Middle East

Lebanon profile - Media

Future TV news presenter
Image caption Future TV is one of Lebanon's main commercial broadcasters

Lebanon's broadcasting scene is developed, lively and diverse, and reflects the country's pluralism and divisions.

It was the first Arab country to permit private radio and TV. The government has a say over who may operate stations and whether or not they can broadcast news. Some outlets are owned by leading politicians.

Reporters Without Borders says the media have more freedom than in any other Arab country, but face "political and judicial machinations".

Most broadcasters were set up after the civil war by Muslim and Christian factions.

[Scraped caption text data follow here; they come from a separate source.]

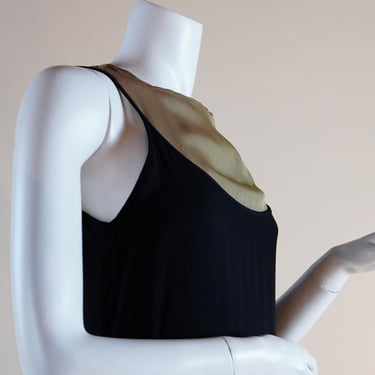 1990s Jean Paul Gaultier Classique dress with sheer silk inserts - designer vintage minimalist dress with olive peach slip & black overlay 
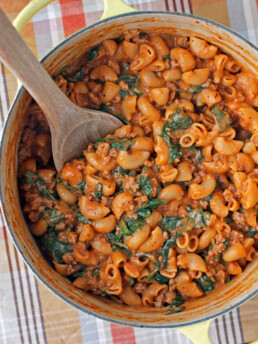 One-Pot Beefy Creamy Tomato Pasta in the pot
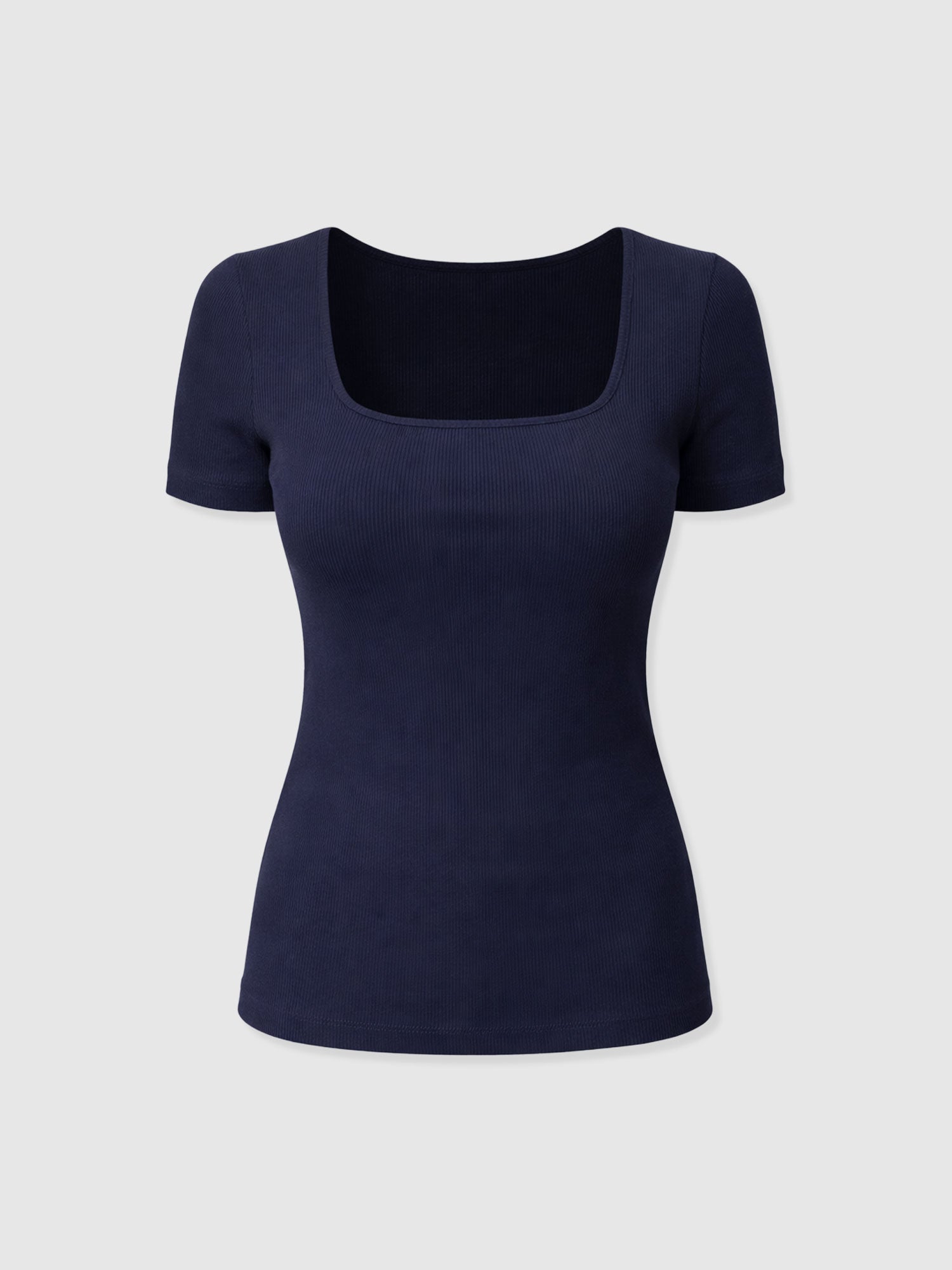 Sloane Ribbed Short Sleeve Tee - Navy - Women's T-shirts | Saint + Sofia® EU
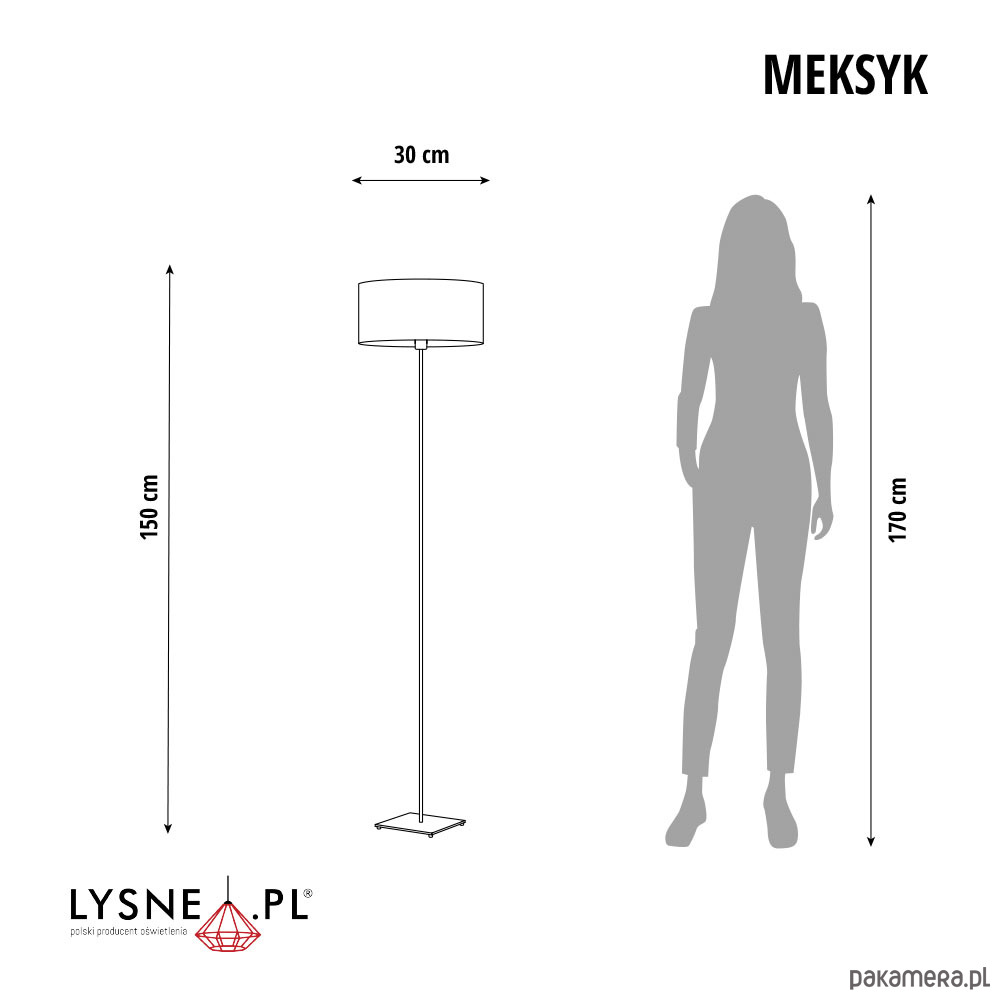 lampy podłogowe Lampa stojąca metalowa z abażurem walec 30 cm MEKSYK ECO 7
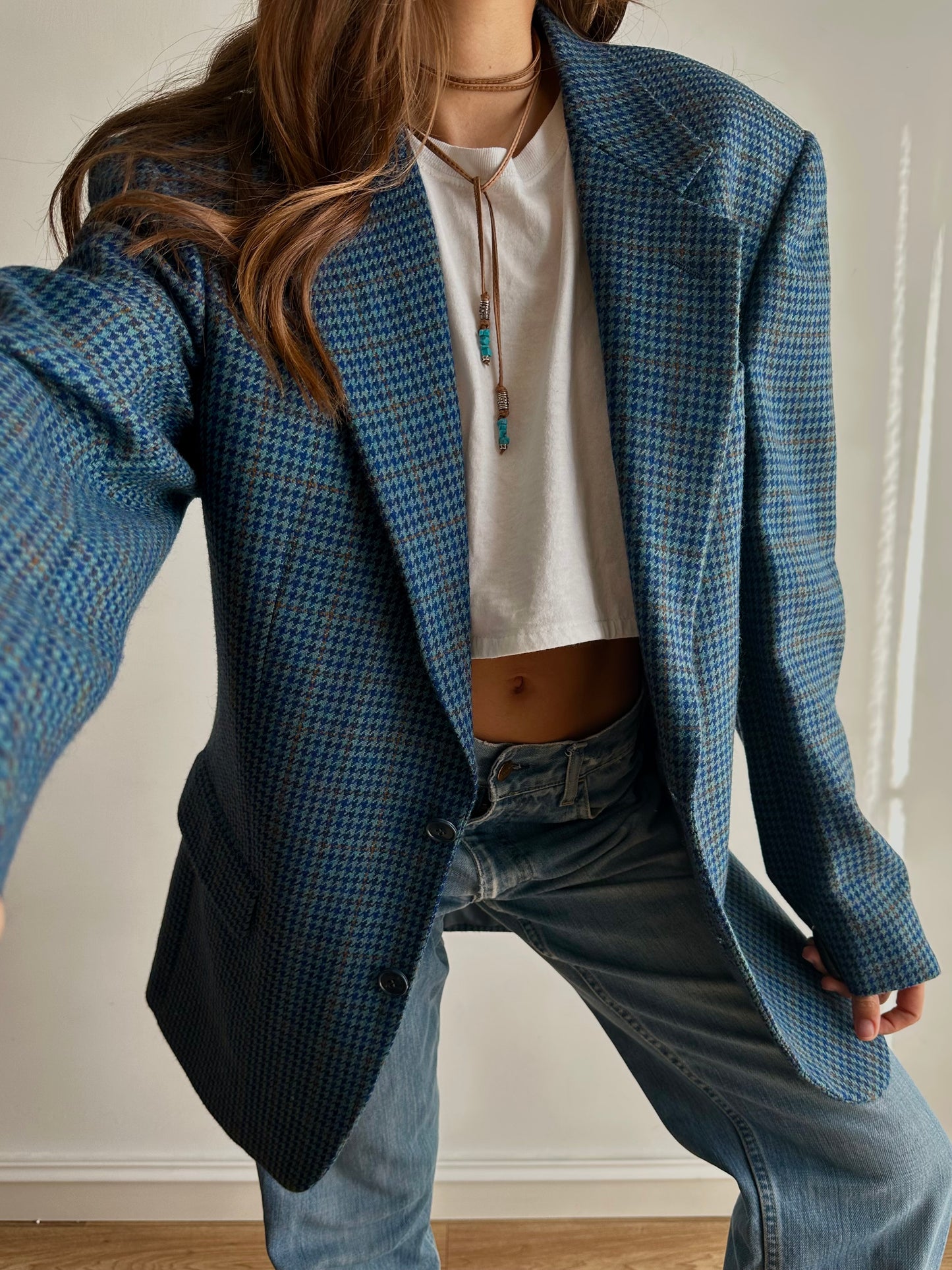 Pied de poule blazer blue tones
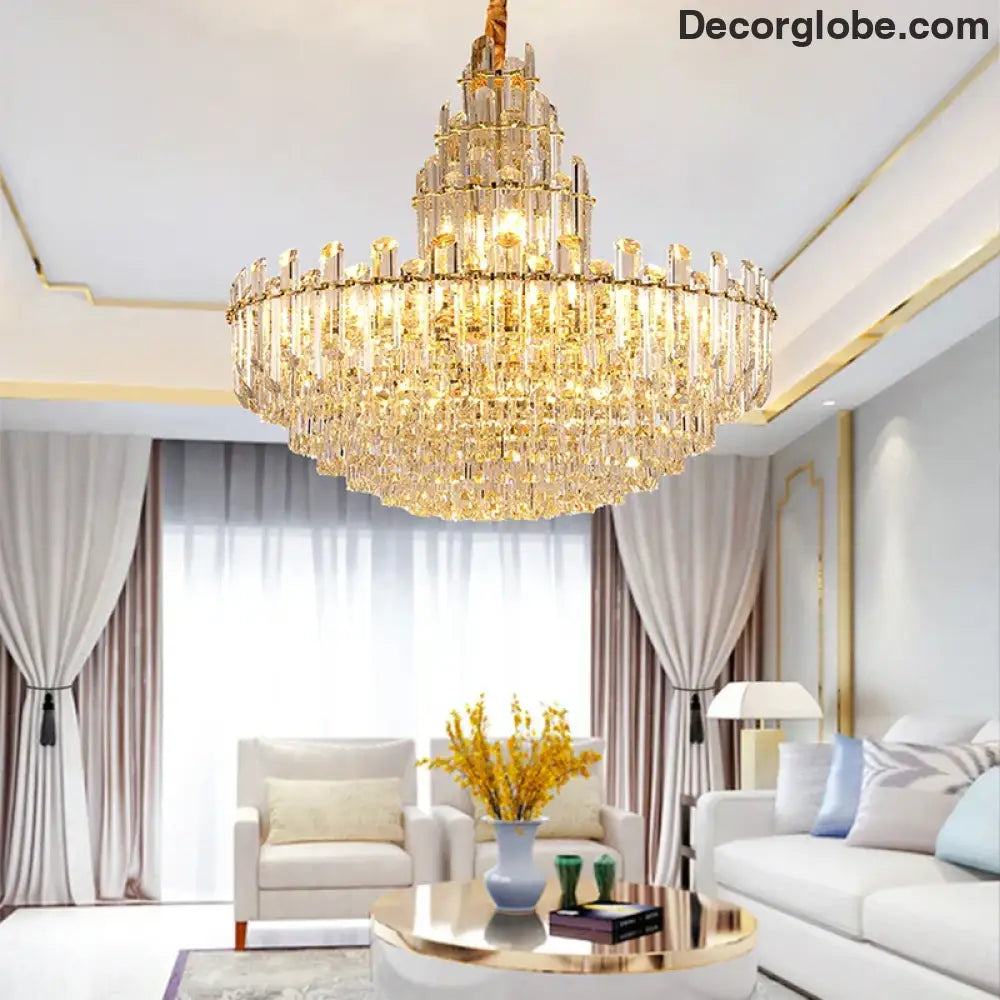 Luxury Gold LED Crystal Pendant Lights - Artistic Ceiling Decor for Maison-Inspired Living Spaces - DecorGlobe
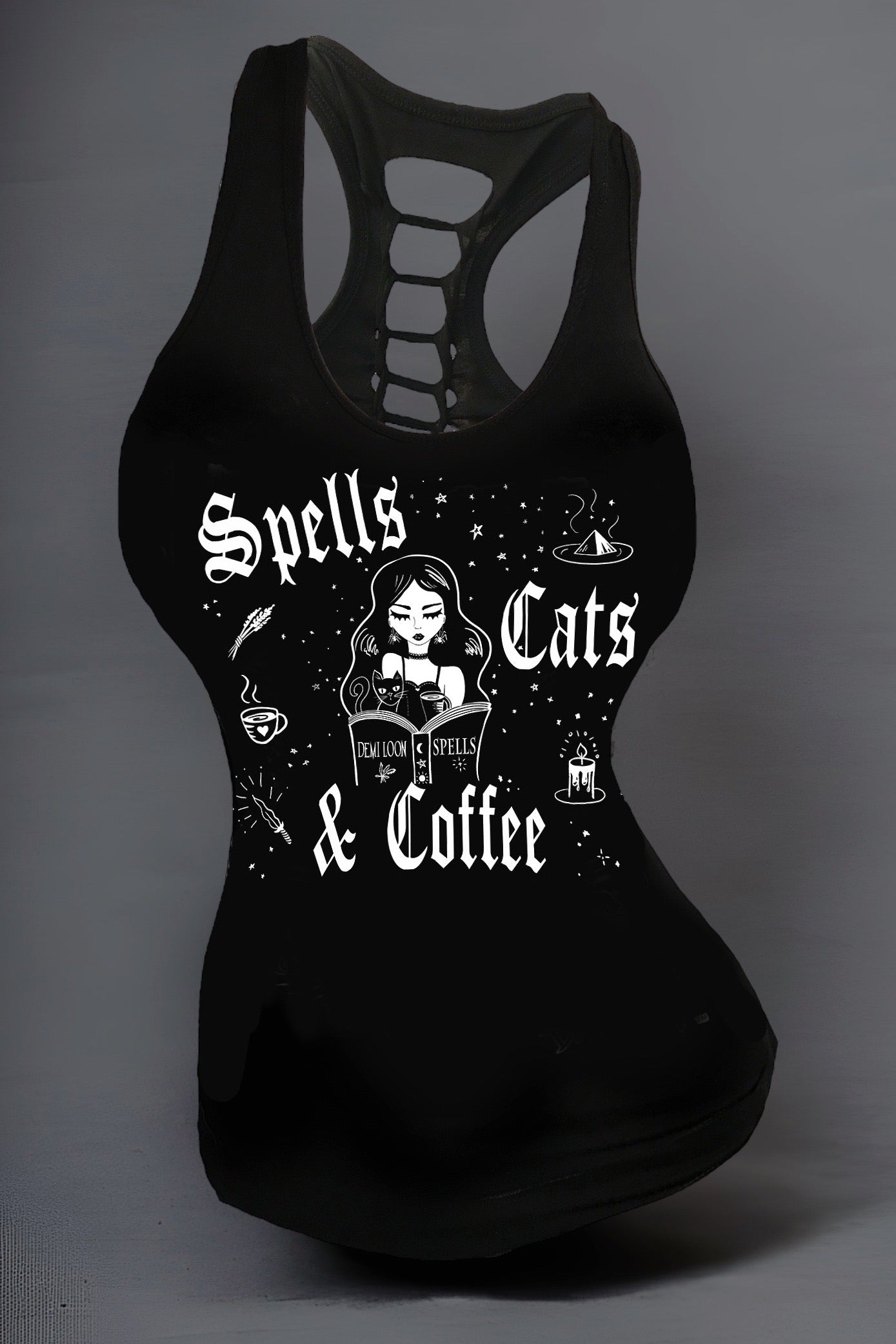 Spells Cats & Coffee Slashed Back Racerback Tank SCC13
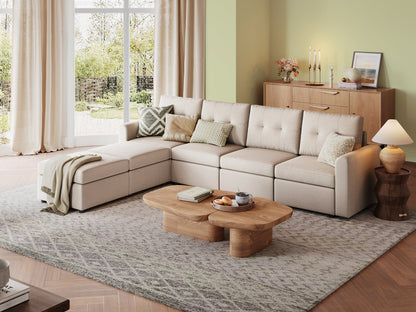 LINSY HOME RUBIK III 4 Seats with 2 Ottomans - US-LH-SPF-Sofa-S800-F11-42-0-00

Commercial operators Future TV and LBC claim a large share of the audience. Al-Manar TV is operated by the militant group Hezbollah. Take-up of satellite and cable TV is widespread.

There are dozens of private radio stations. BBC Arabic and Radio France Internationale are carried by partner stations.

Criticism of officials and policies is carried daily in dozens of newspapers and hundreds of periodicals. While there are no censorship laws, curbs forbid the media from defaming the president or other heads of state and from inciting sectarian strife.

By June 2012, Lebanon had more than 2.1 million internet users (Internetworldstats.com). OpenNet Initiative says Lebanon is one of very few countries in the Middle East where it has found no evidence of technical filtering.